Even more, the awesome guys at Ledger give you the option to see the exact path to your addresses - just go to your account settings in one of the wallet apps, and you will see a path that looks like a BIP44 path - “m/44’/0’/0”.
So, if you want to recover from situation where Ledger doesn’t work anymore, you could import it into Electrum, for example.
Let’s assume, though, you’d like to know for 100% you don’t depend on any single wallet software to exist anymore - you can use the BIP39 tool and see the private keys there and generate transactions using these private keys using any Bitcoin wallet you’d like. That can be Bitcoin Core or even a Bitcoin library such as BitcoinJS.
P2SH is BIP16 - roughly, the method to use complex scripts such as multi-sig, as used by Electrum 2FA, Copay and others.
Recovering from a multi-sig wallet service going offline is a bit more complex, but it’s still possible.
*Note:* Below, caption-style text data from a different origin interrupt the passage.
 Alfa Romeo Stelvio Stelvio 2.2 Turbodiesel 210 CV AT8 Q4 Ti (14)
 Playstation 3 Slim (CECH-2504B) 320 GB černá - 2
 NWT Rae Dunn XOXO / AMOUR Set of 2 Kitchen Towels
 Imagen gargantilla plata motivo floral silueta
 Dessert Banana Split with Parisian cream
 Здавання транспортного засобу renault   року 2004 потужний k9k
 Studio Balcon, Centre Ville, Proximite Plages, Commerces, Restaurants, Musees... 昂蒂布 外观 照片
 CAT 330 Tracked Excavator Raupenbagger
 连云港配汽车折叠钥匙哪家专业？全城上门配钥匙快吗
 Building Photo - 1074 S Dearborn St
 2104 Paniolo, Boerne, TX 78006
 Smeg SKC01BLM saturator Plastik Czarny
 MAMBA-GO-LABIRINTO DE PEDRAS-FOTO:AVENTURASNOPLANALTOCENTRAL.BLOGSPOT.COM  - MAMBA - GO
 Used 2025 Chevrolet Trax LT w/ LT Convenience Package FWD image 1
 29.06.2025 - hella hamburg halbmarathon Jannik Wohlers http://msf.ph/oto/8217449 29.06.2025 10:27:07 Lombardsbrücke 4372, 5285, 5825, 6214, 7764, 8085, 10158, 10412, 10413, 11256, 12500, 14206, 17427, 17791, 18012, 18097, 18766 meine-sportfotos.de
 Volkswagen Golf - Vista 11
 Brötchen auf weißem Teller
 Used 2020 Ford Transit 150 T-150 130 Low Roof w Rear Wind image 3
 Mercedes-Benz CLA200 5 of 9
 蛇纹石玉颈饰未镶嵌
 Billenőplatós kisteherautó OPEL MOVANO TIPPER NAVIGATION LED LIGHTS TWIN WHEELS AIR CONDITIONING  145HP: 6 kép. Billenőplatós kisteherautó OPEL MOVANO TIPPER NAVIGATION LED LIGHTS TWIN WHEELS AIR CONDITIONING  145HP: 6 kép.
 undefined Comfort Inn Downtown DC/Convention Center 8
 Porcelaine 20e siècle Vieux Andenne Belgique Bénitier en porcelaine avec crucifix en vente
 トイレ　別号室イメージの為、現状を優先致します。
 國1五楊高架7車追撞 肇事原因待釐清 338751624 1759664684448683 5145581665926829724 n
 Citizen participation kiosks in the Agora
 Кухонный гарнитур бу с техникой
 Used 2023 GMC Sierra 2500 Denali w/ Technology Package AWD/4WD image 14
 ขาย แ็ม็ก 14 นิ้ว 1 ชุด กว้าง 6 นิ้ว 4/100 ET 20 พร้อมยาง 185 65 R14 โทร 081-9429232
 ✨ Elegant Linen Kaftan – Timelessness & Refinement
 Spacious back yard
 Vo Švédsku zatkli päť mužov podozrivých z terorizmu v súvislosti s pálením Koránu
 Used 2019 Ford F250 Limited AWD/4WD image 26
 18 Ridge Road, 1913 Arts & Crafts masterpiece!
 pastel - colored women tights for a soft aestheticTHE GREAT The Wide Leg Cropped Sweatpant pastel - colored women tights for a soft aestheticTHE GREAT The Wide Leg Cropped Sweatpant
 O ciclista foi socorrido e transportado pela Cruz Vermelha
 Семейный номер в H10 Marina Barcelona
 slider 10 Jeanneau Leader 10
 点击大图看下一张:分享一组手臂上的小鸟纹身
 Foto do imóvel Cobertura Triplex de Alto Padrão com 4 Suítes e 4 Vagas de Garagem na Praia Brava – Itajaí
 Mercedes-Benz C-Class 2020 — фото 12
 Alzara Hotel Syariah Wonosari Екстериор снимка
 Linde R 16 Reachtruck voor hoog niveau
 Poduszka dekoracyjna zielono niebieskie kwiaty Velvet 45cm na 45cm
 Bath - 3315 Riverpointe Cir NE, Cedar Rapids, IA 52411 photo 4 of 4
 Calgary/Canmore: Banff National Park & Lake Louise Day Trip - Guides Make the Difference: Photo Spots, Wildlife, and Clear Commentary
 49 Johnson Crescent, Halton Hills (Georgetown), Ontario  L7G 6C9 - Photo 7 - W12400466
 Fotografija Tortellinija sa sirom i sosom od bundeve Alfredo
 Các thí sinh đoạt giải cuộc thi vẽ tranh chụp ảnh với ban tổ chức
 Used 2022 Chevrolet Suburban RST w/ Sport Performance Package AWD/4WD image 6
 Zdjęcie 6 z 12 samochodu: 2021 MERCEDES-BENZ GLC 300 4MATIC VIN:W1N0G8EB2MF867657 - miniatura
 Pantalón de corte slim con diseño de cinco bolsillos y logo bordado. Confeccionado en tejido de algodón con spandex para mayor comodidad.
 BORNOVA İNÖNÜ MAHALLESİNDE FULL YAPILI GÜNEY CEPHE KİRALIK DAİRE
Let’s examine a 2-out-of-3 multi-sig Bitcoin wallet case. In this case, the address is derived from the 3 public keys of the different participants. Let’s assume we have these:
- A primary key which you own and use in the usual transactions
- a backup key which you store offline
- the key of a wallet protection service, such as TrustedCoin
To transact from this address, you’d have to sign the transaction using 2 of the private keys. In this case, you’d usually use your primary one and the wallet protection service would provide the second signature. In case the wallet protection service goes offline, you’d use your primary and backup key.
The thing is, that in order to transact from a P2SH address you don’t need just the 2 private keys, but also a redeem script derived from the 3 public keys. That means, that in order to successfully recover, you also need this redeem script. So make sure you save that as well.
OK, fine… How to actually do it?
For normal addresses, an ideal recovery software would roughly do this:
- Use BIP39 with your seed words to recover your master private key
- Collect the unspent outputs of the address you want to spend from - these are the Bitcoins you’ll send
- Sign a transaction that sends money from this address to a destination address for your choosing
An example of such tool that automates a lot of this process in the case of Bitcoin Cash and Bitcoin Gold forks is bcash-instadump by Nadav Ivgi.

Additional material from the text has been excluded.